▸ **ABOUT THIS TASK**
When you copy the data that follows, reproduce every word exactly and leave out the images.

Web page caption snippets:
------------------------------------------------------------

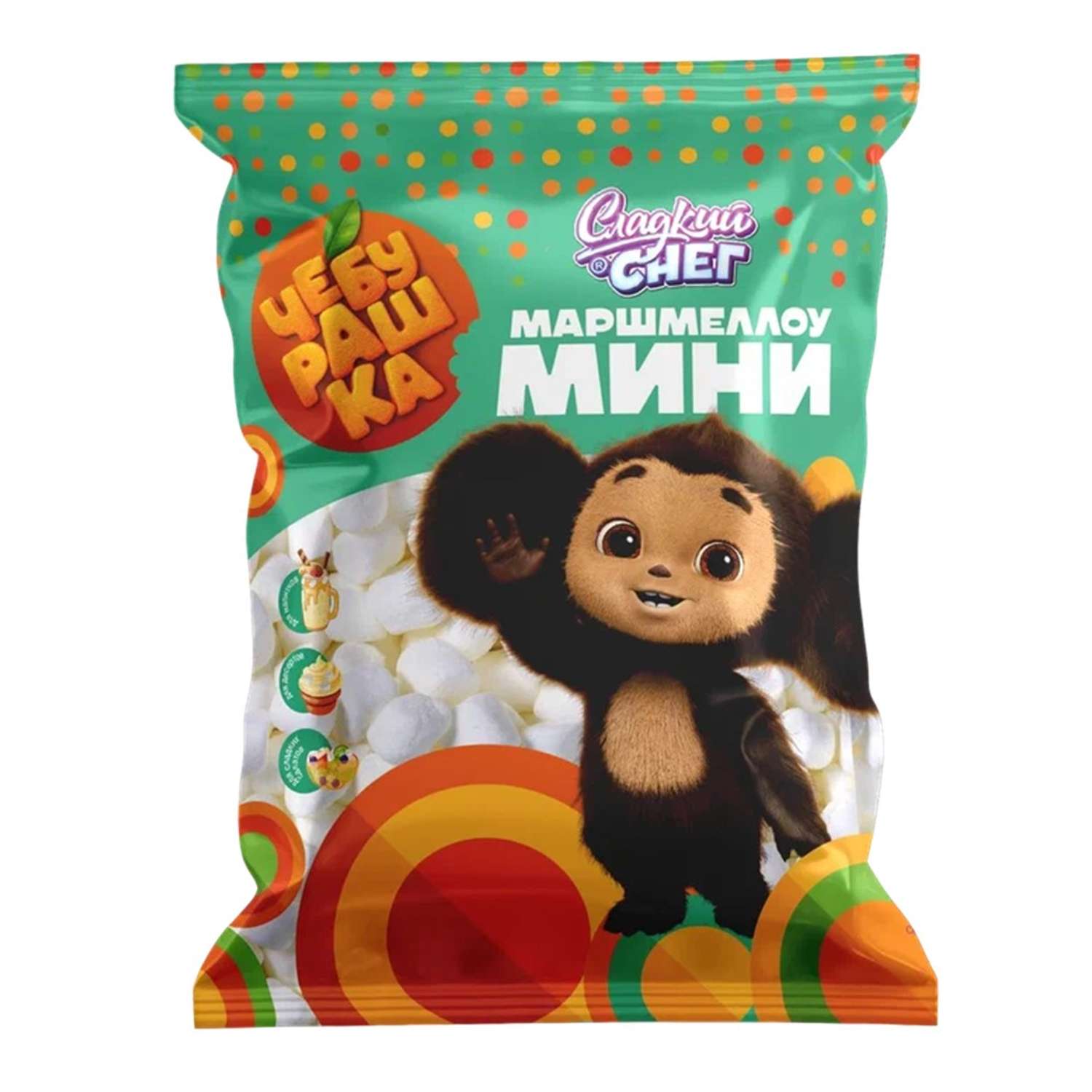 Жевательный зефир Сладкий снег Marshmallows mini со вкусом ванили 2 шт по 200 г - фото 2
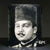 Trevor Beck 2023 Glass Art Paperweight Plaque Detail Monochromatic Frit Portrait King Farouk I of Egypt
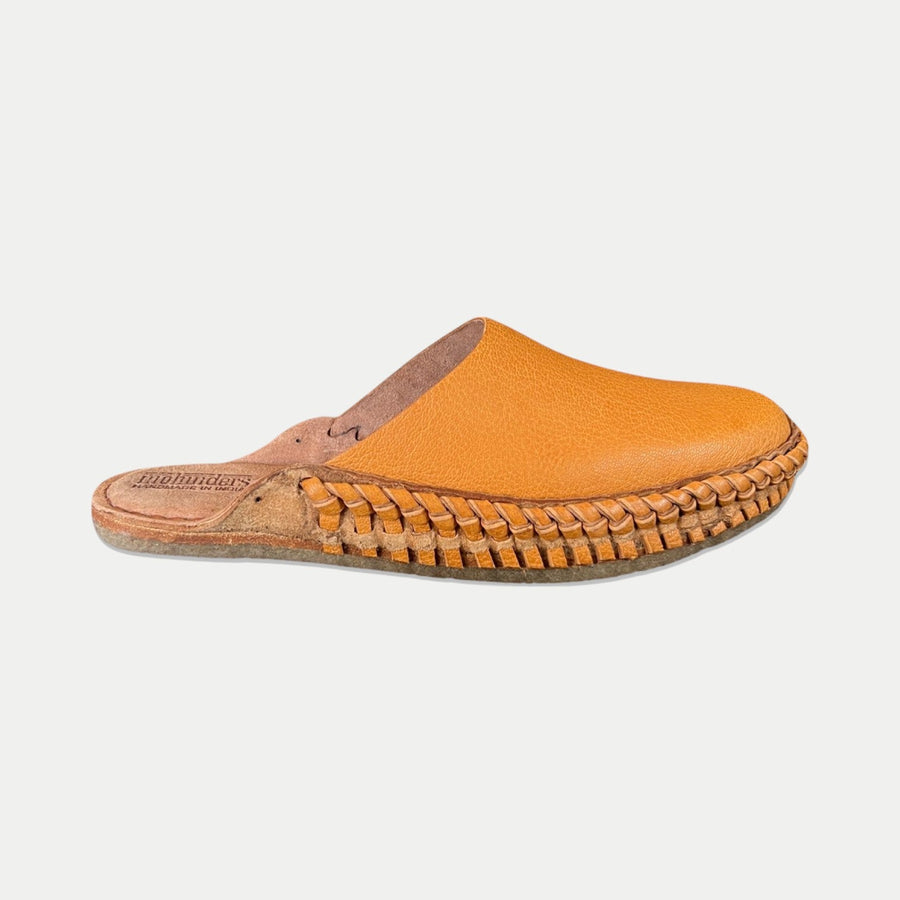 Men's Soft Solid City Slipper in Turmeric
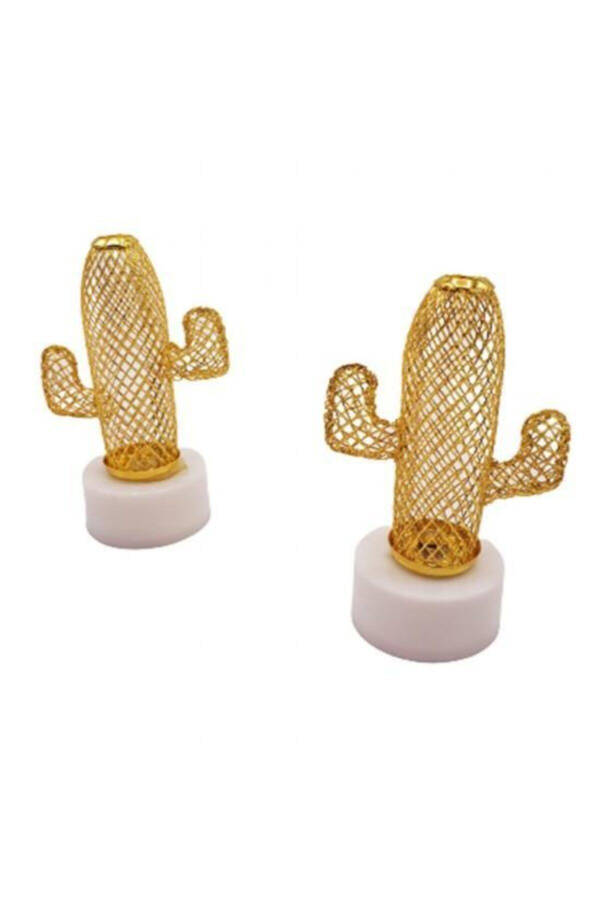 Mini Decorative Cactus Night Light Decorative Gift Set of 2 - 2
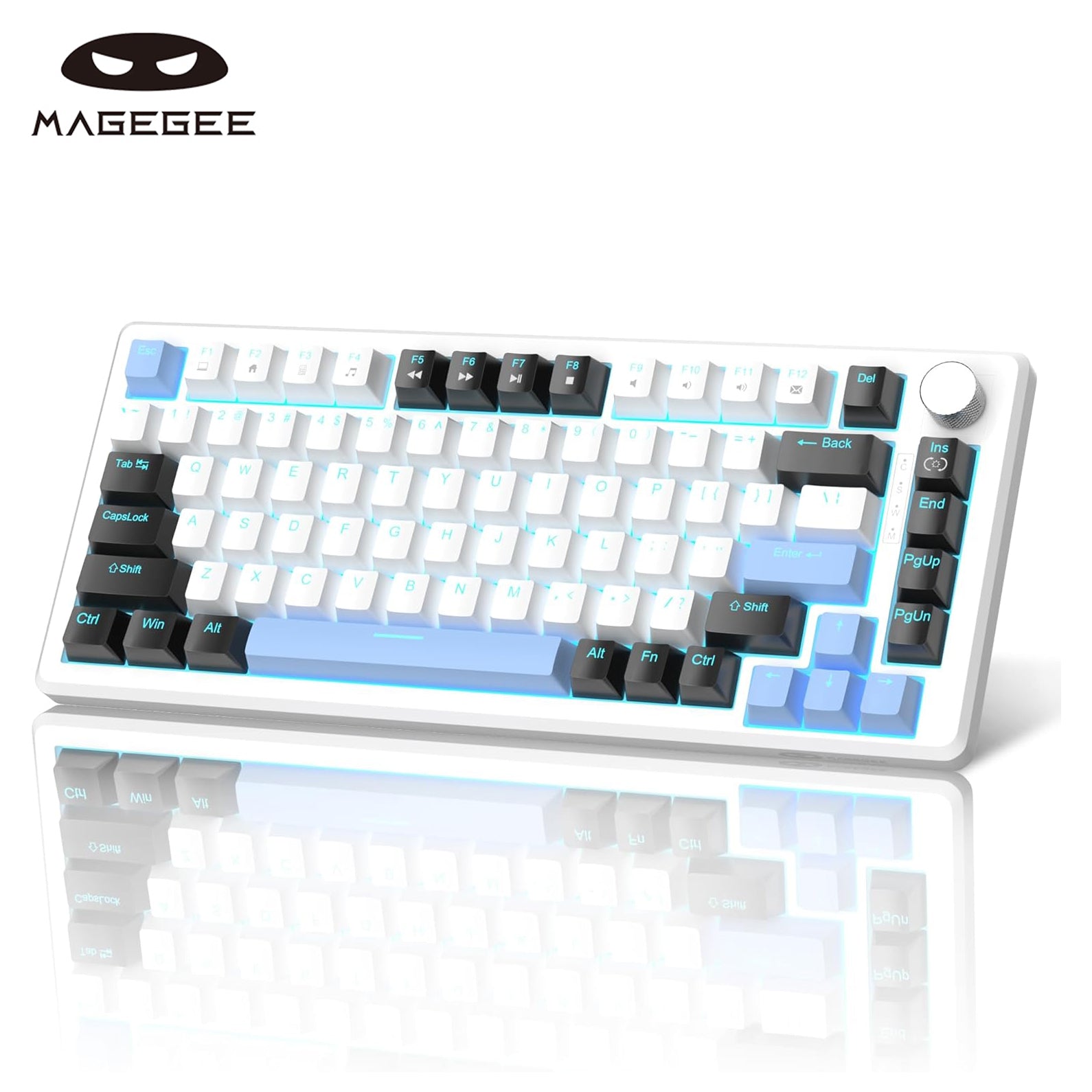 MageGee STAR75 Portable NKRO PC Gaming Keyboard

------------------------------------------------------------

▸ **RESULT FOR THIS EXERCISE**
 Жевательный зефир Сладкий снег Marshmallows mini со вкусом ванили 2 шт по 200 г - фото 2
 Trevor Beck 2023 Glass Art Paperweight Plaque Detail Monochromatic Frit Portrait King Farouk I of Egypt
 Men's Soft Solid City Slipper in Turmeric
 Mini Decorative Cactus Night Light Decorative Gift Set of 2 - 2
 MageGee STAR75 Portable NKRO PC Gaming Keyboard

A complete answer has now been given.